Only the lines from the one containing "LPCLEFT020.jpg ALTERED STATESMAN" through the final line below belong in the output, copied exactly and without pictures.
□ □ □ □ □ □ □
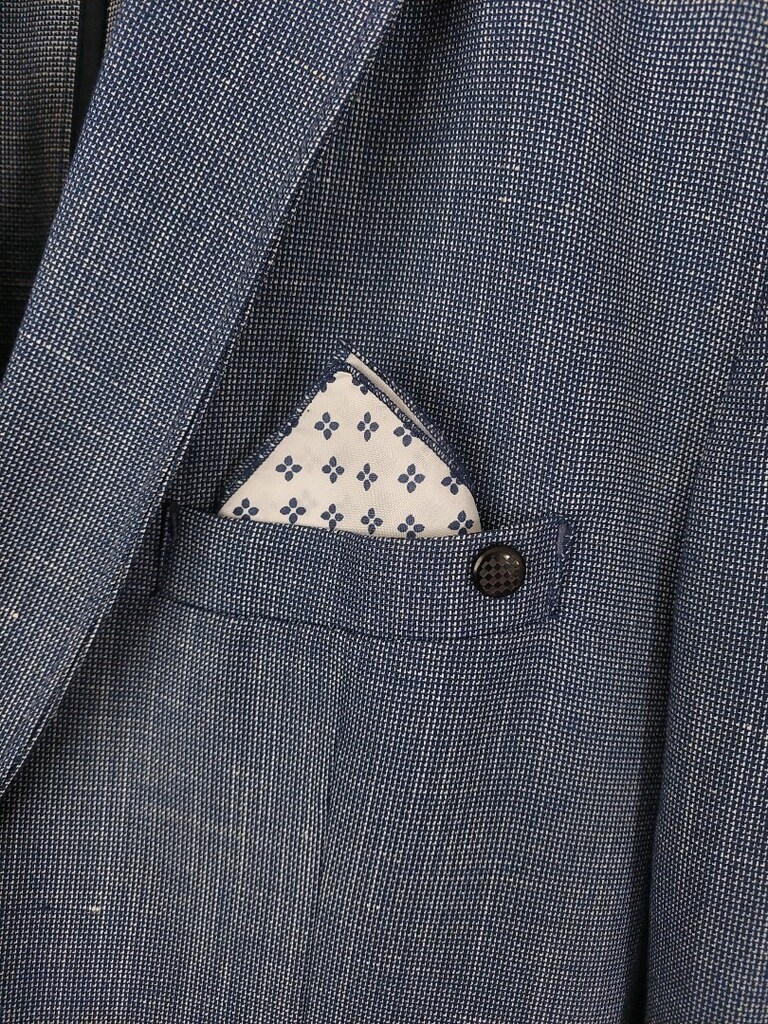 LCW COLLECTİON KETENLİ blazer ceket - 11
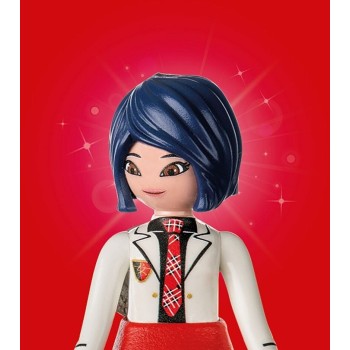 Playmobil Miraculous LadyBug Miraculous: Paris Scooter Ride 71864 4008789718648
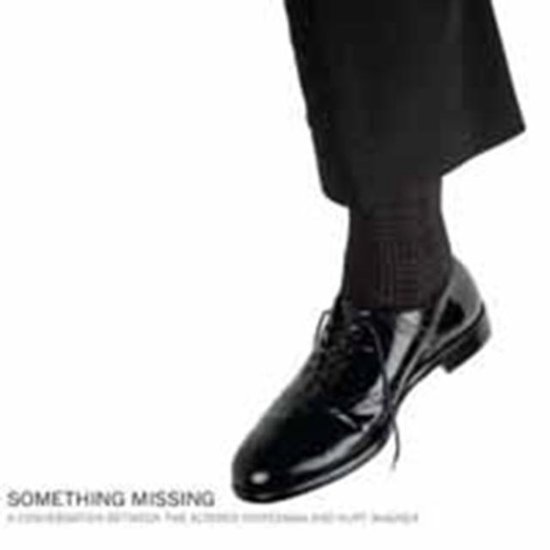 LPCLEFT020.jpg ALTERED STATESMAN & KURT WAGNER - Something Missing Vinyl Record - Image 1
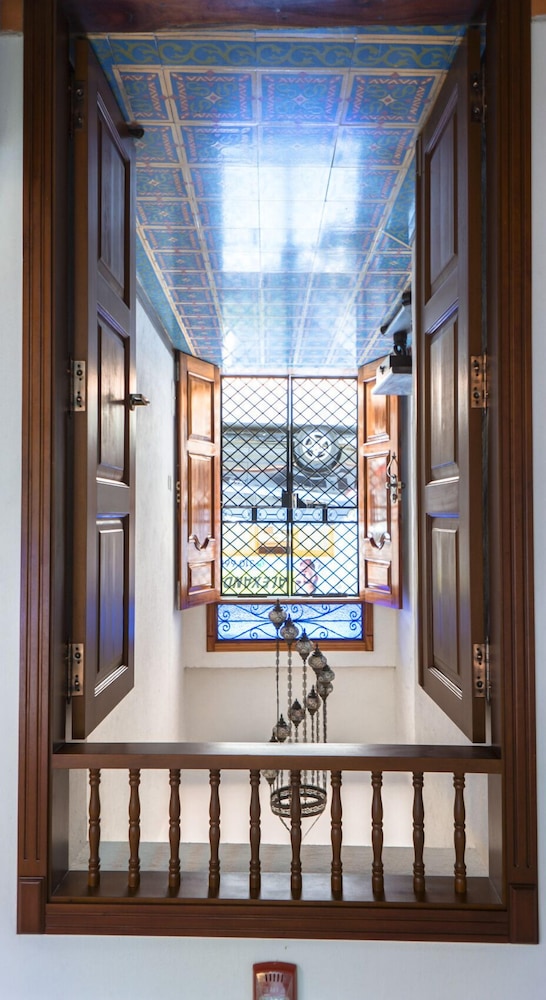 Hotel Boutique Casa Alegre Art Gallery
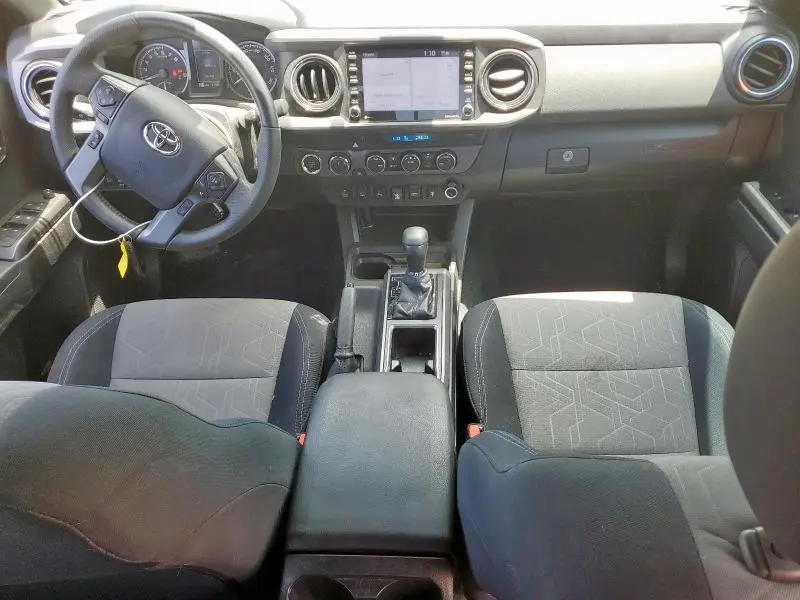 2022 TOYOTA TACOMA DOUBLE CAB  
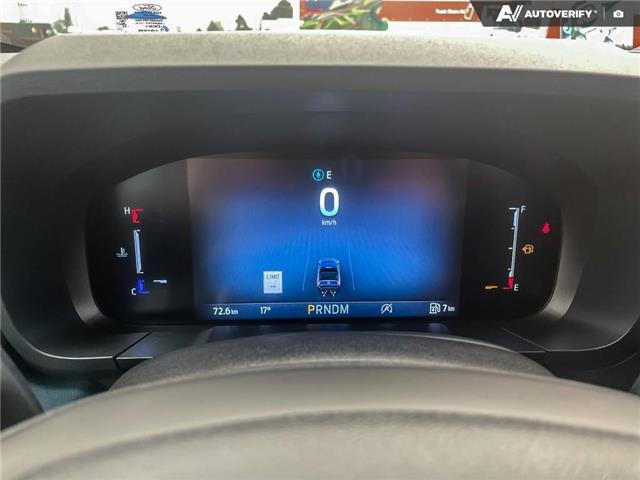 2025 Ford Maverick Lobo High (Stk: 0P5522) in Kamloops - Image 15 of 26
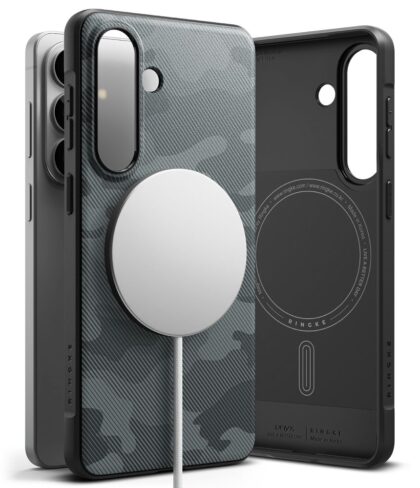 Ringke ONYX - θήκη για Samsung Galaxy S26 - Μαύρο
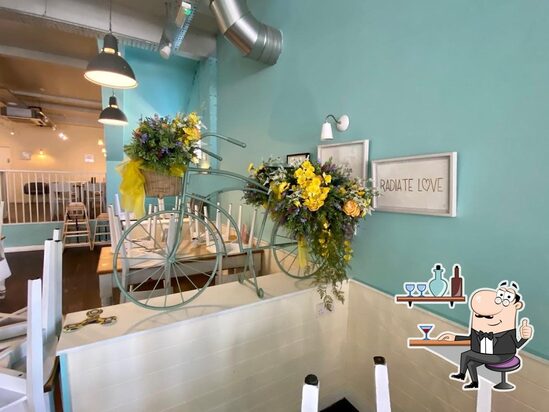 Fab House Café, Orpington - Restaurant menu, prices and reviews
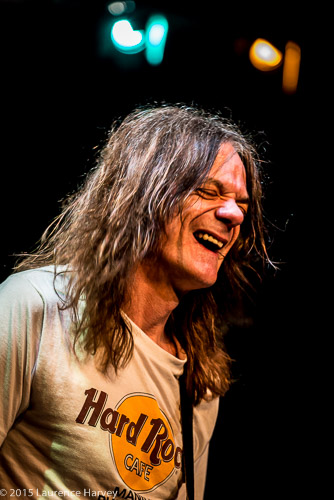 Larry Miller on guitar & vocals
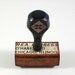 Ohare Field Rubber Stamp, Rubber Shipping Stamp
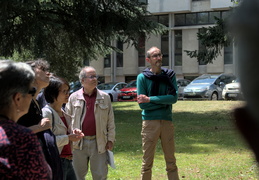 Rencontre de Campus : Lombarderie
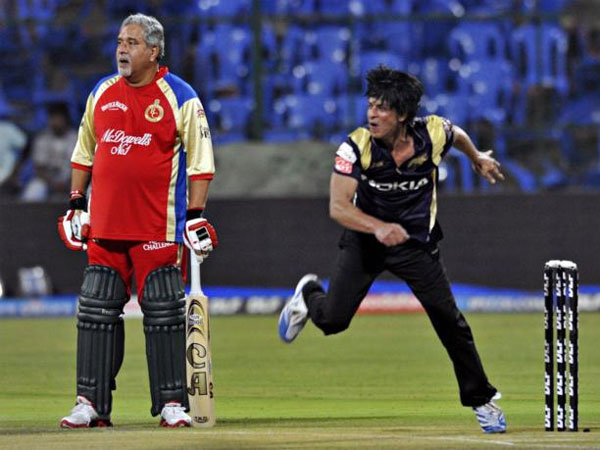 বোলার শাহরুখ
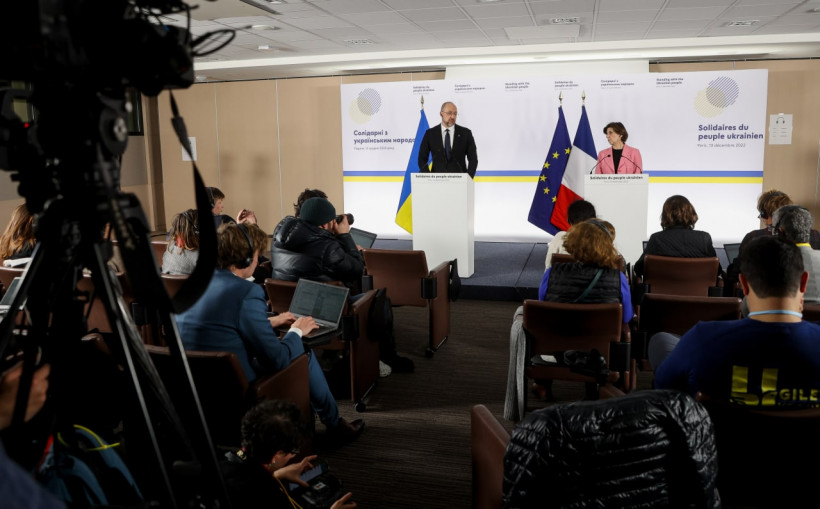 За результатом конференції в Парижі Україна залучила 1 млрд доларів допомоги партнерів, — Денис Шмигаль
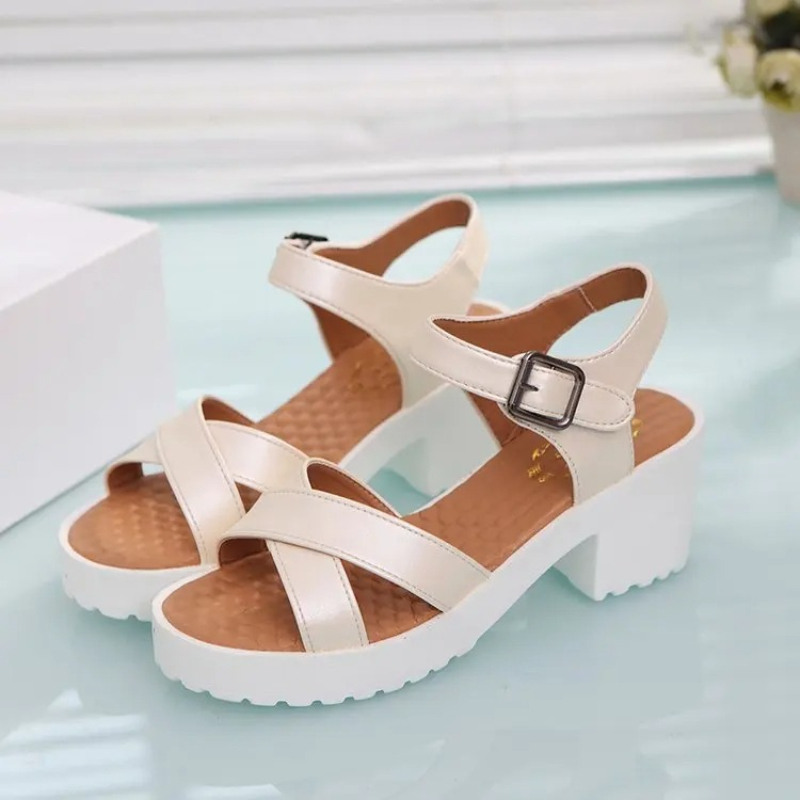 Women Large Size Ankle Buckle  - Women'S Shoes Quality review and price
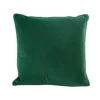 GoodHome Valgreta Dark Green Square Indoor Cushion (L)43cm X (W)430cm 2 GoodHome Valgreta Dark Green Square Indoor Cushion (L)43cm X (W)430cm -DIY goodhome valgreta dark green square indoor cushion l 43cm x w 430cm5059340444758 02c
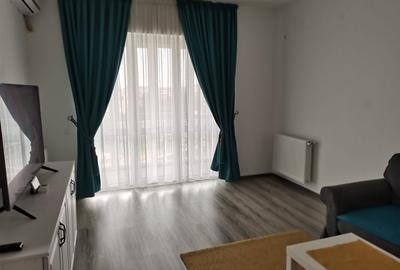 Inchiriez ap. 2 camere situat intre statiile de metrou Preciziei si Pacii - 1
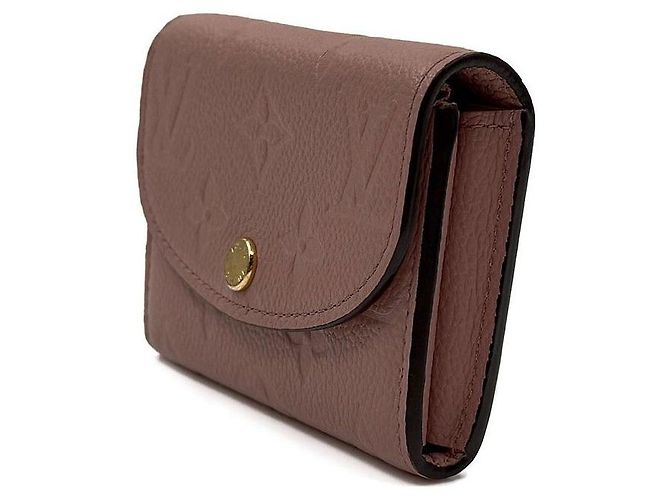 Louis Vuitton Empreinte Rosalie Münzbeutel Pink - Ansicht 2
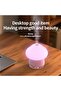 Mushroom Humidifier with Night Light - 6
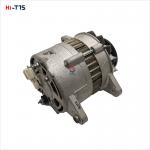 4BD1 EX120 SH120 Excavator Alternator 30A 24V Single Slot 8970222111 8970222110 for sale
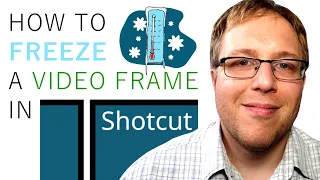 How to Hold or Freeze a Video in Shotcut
□ □ □ □ □ □ □
## Output for this exercise
 LPCLEFT020.jpg ALTERED STATESMAN & KURT WAGNER - Something Missing Vinyl Record - Image 1
 Hotel Boutique Casa Alegre Art Gallery
 2022 TOYOTA TACOMA DOUBLE CAB  
 2025 Ford Maverick Lobo High (Stk: 0P5522) in Kamloops - Image 15 of 26
 Ringke ONYX - θήκη για Samsung Galaxy S26 - Μαύρο
 Fab House Café, Orpington - Restaurant menu, prices and reviews
 Larry Miller on guitar & vocals
 Ohare Field Rubber Stamp, Rubber Shipping Stamp
 Rencontre de Campus : Lombarderie
 বোলার শাহরুখ
 За результатом конференції в Парижі Україна залучила 1 млрд доларів допомоги партнерів, — Денис Шмигаль
 Women Large Size Ankle Buckle  - Women'S Shoes Quality review and price
 GoodHome Valgreta Dark Green Square Indoor Cushion (L)43cm X (W)430cm 2 GoodHome Valgreta Dark Green Square Indoor Cushion (L)43cm X (W)430cm -DIY goodhome valgreta dark green square indoor cushion l 43cm x w 430cm5059340444758 02c
 Inchiriez ap. 2 camere situat intre statiile de metrou Preciziei si Pacii - 1
 Louis Vuitton Empreinte Rosalie Münzbeutel Pink - Ansicht 2
 Mushroom Humidifier with Night Light - 6
 4BD1 EX120 SH120 Excavator Alternator 30A 24V Single Slot 8970222111 8970222110 for sale
 How to Hold or Freeze a Video in Shotcut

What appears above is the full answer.